**Aim of the task:** Would you return the data exactly as given, except for its pictures?

━━━━━ Data ━━━━━

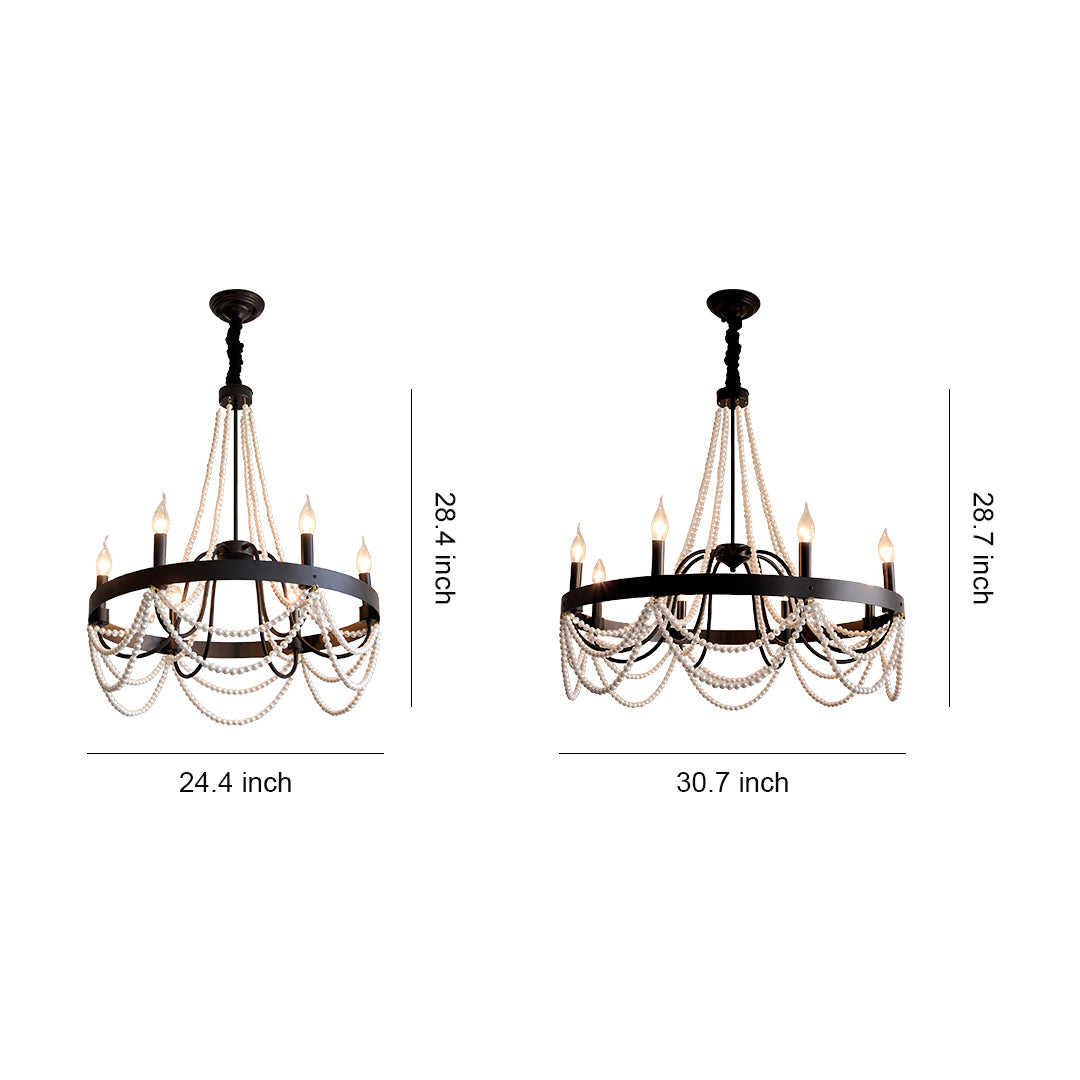 Vintage Wrought Iron Chandelier with Pearl Accents - French Artistic Ceiling Light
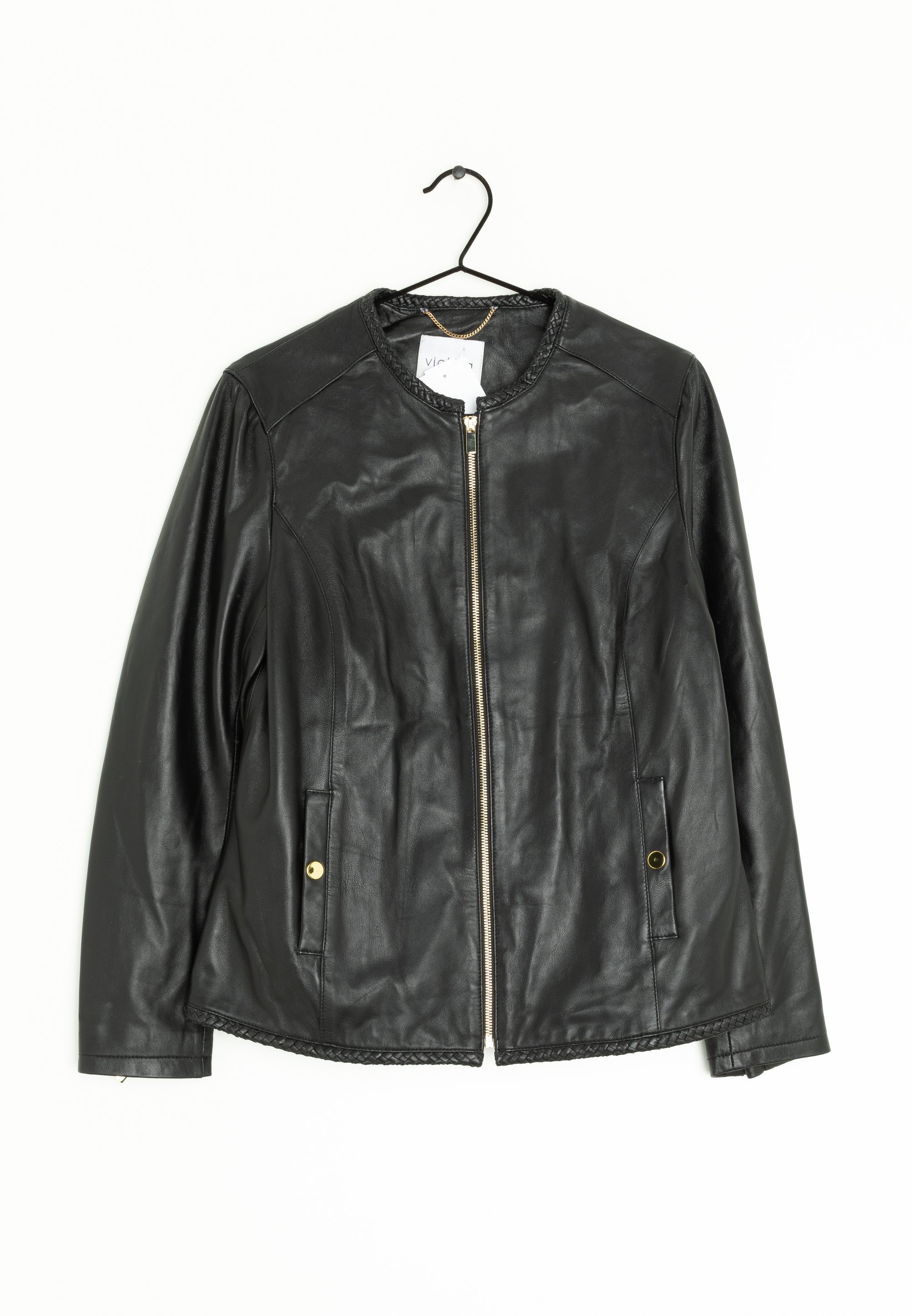 Violeta Lederjacke Violeta By Mango Faux Leather Jacket Black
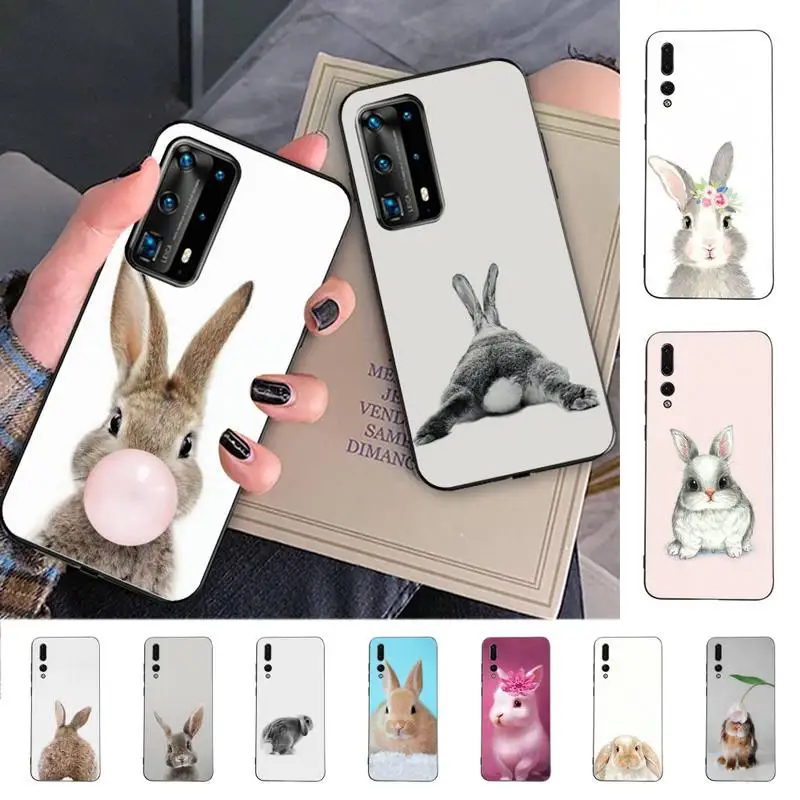 

YNDFCNB Cute Bunny Rabbit Phone Case for Huawei P30 40 20 10 8 9 lite pro plus Psmart2019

━━━━━

**Response for this exercise:**
 Vintage Wrought Iron Chandelier with Pearl Accents - French Artistic Ceiling Light
 Violeta Lederjacke Violeta By Mango Faux Leather Jacket Black

YNDFCNB Cute Bunny Rabbit Phone Case for Huawei P30 40 20 10 8 9 lite pro plus Psmart2019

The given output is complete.